RECORDS TO PROCESS:
============================================================

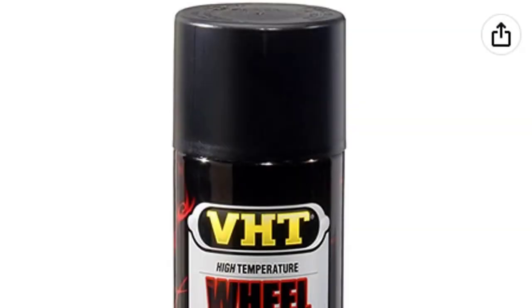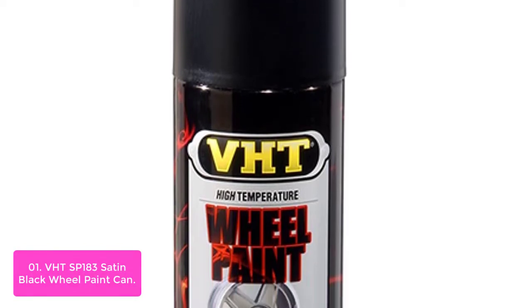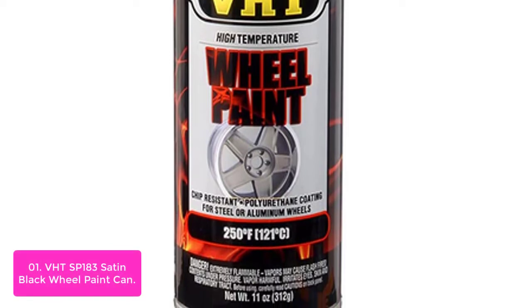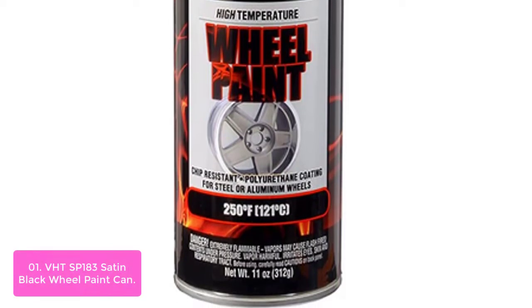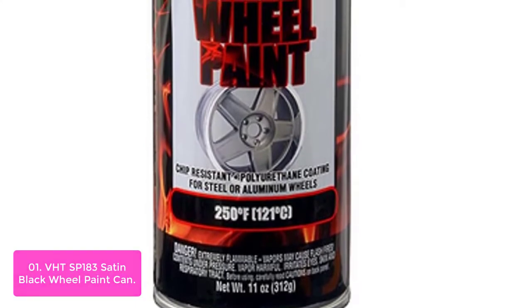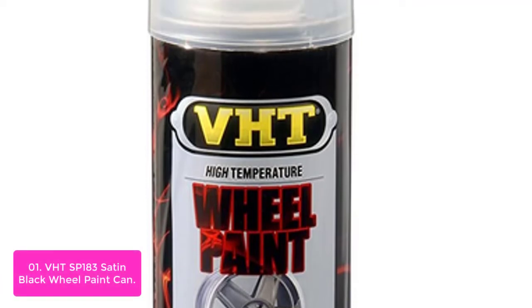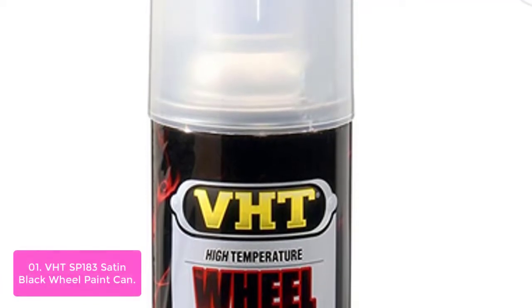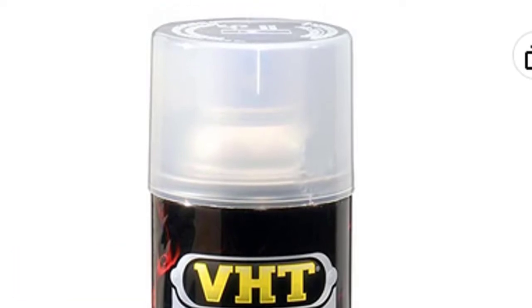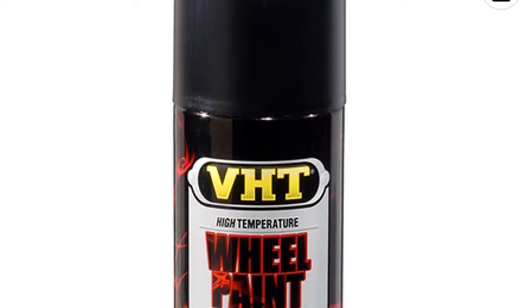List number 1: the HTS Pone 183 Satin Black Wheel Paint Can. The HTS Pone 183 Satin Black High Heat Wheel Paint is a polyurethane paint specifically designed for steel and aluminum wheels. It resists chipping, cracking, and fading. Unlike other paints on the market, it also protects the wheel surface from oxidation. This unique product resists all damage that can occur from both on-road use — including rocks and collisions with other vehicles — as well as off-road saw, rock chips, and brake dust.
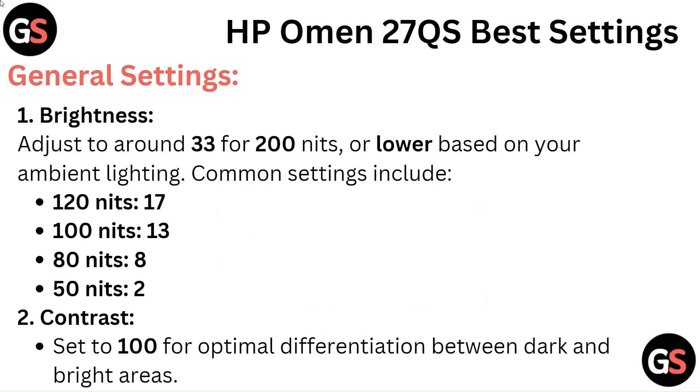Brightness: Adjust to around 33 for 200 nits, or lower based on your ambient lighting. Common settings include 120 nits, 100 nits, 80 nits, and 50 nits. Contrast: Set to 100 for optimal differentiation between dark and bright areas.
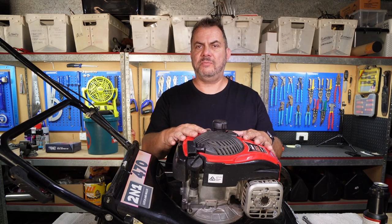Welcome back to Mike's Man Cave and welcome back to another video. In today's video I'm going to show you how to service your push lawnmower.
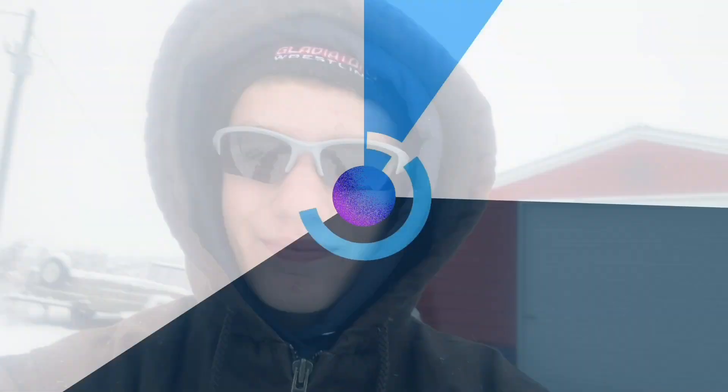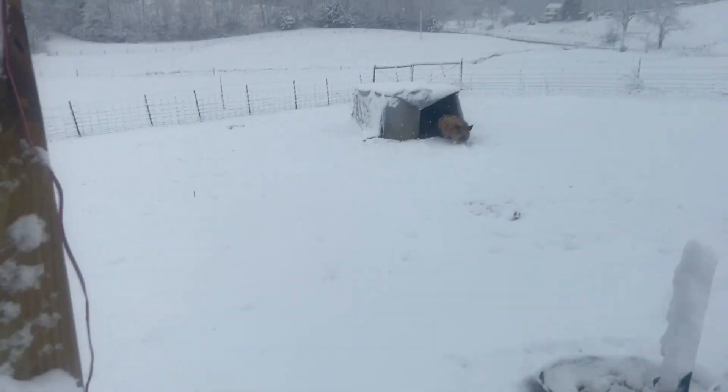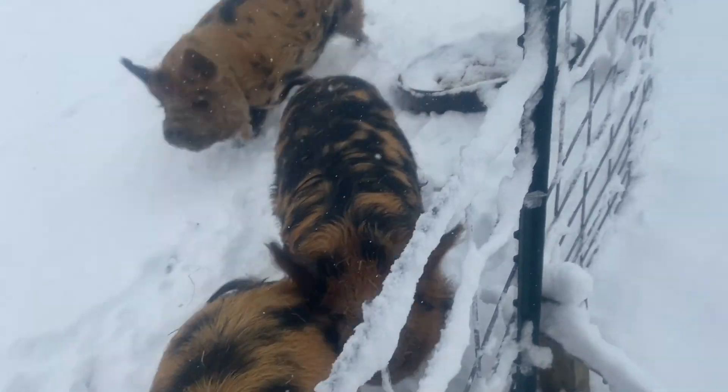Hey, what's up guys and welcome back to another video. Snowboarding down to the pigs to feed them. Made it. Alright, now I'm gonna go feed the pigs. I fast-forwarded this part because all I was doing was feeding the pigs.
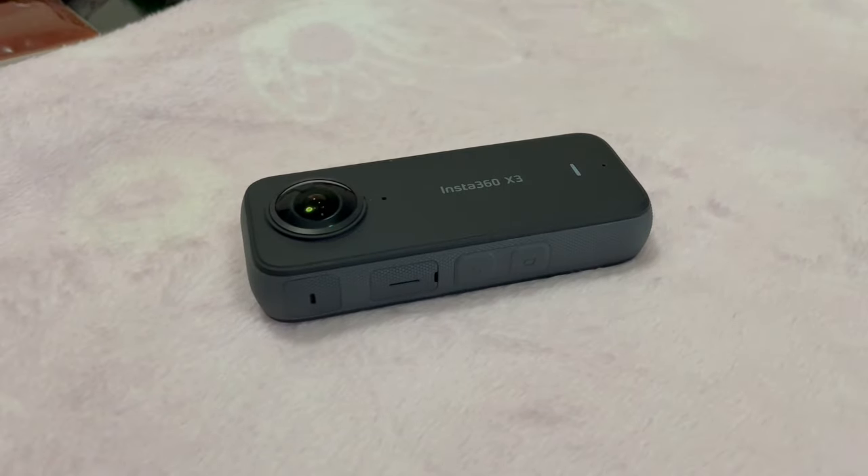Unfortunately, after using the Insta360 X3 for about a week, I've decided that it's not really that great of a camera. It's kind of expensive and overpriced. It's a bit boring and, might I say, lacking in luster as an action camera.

============================================================

THE PROBLEM: An exact copy is required of the lines from the one holding "Brightness: Adjust to" to the end of the entries above, both included; no pictures belong in it.

ANSWER BOX:
Brightness: Adjust to around 33 for 200 nits, or lower based on your ambient lighting. Common settings include 120 nits, 100 nits, 80 nits, and 50 nits. Contrast: Set to 100 for optimal differentiation between dark and bright areas.
Welcome back to Mike's Man Cave and welcome back to another video. In today's video I'm going to show you how to service your push lawnmower.
Hey, what's up guys and welcome back to another video. Snowboarding down to the pigs to feed them. Made it. Alright, now I'm gonna go feed the pigs. I fast-forwarded this part because all I was doing was feeding the pigs.
Unfortunately, after using the Insta360 X3 for about a week, I've decided that it's not really that great of a camera. It's kind of expensive and overpriced. It's a bit boring and, might I say, lacking in luster as an action camera.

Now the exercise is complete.